Seventy years after Disney first sent the story into development, where it languished and seemingly died of neglect, comes Tangled, his empire’s 50th animated feature and, since Pixar ushered the studio into the digital age with Toy Story, one of its most rewarding.
 
Taking cues from a 200-year-old playbook, screenwriter Dan Fogelman (Cars) gives his heroine recognizably modern sensibilities, but resists cluttering his story with glib pop-culture references. The result is a coming-of-age adventure tweaked just enough to seem fresh.
 
Ripped from the crib and held tower-bound for the next 18 years by the manipulative Mother Gothel (voiced by Donna Murphy), Rapunzel (pop star Mandy Moore) is a princess unaware of her lineage. Her days are a tedious round of hobbies – she sings, she dances, she paints – but never is she allowed to descend from her perch.
 
Rapunzel isn’t waiting for her prince to come. Convinced by Mother Gothel that men are snaggletoothed monsters, she’s happy to keep her distance, though she longs for worldly pleasures she’s never known – the sun warming her comically overgrown locks, the feel of grass underfoot. When a handsome stranger ascends her tower uninvited, she does what any proper young lady might – she knocks him cold, thrice for good measure.
 
He is Flynn Rider (Zachary Levi, of TV’s Chuck), a thrill-seeking thief who dreams of stealing enough money to live like a king.
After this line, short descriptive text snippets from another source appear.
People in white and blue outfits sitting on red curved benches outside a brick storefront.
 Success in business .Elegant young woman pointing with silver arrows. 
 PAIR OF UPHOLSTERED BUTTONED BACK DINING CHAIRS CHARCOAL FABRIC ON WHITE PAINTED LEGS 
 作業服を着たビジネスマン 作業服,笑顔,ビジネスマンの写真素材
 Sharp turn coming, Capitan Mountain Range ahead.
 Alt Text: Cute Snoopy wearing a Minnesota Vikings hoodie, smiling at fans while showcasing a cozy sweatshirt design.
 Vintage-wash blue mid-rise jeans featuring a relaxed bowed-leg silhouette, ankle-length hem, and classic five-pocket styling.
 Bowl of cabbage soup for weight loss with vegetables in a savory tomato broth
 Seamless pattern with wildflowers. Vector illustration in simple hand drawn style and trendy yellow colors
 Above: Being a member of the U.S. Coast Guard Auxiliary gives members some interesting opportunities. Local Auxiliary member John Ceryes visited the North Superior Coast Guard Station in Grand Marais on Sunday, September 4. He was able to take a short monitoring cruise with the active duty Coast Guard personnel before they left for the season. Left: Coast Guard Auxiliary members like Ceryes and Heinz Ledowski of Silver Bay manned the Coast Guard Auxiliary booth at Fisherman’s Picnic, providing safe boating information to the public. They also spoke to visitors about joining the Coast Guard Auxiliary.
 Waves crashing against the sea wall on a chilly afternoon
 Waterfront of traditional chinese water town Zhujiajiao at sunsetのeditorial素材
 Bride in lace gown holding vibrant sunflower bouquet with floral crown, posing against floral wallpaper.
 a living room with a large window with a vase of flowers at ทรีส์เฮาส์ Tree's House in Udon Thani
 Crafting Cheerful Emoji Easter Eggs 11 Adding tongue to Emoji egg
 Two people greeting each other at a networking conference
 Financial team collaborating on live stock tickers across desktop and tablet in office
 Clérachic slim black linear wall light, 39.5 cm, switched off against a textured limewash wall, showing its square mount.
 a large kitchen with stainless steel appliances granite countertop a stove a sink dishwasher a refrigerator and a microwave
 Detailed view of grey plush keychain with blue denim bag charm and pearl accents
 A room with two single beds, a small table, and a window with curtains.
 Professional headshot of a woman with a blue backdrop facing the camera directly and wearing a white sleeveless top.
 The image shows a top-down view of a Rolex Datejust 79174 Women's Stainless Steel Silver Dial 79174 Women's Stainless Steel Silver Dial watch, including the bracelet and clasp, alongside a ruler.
Valiant? Hardly. But despite his personal failings, Flynn is neither hard-hearted nor entirely self-obsessed. To Rapunzel, he’s merely her ticket out of the tower, but as they let down their guard – and, of course, her hair – passions ignite.
 
No map of the human heart is needed to figure out where that will lead, but one of the joys of Tangled is that Rapunzel and her rough-and-tumble beau share a natural chemistry. Their romance never feels forced. Nor do Alan Menken’s songs, seamlessly intertwined with the storytelling and impressively handled by Moore, two-time Tony Award winner Murphy and Levi, whose vocal prowess is a welcome revelation.
 
Also welcome are the movie's richly rendered visuals. Though 3-D has once again become more of a marketing gimmick than an aesthetic enhancement, Tangled is an achievement handsome enough to make those plastic glasses seem worthwhile, its look a pleasing complement to a familiar story smartly retold.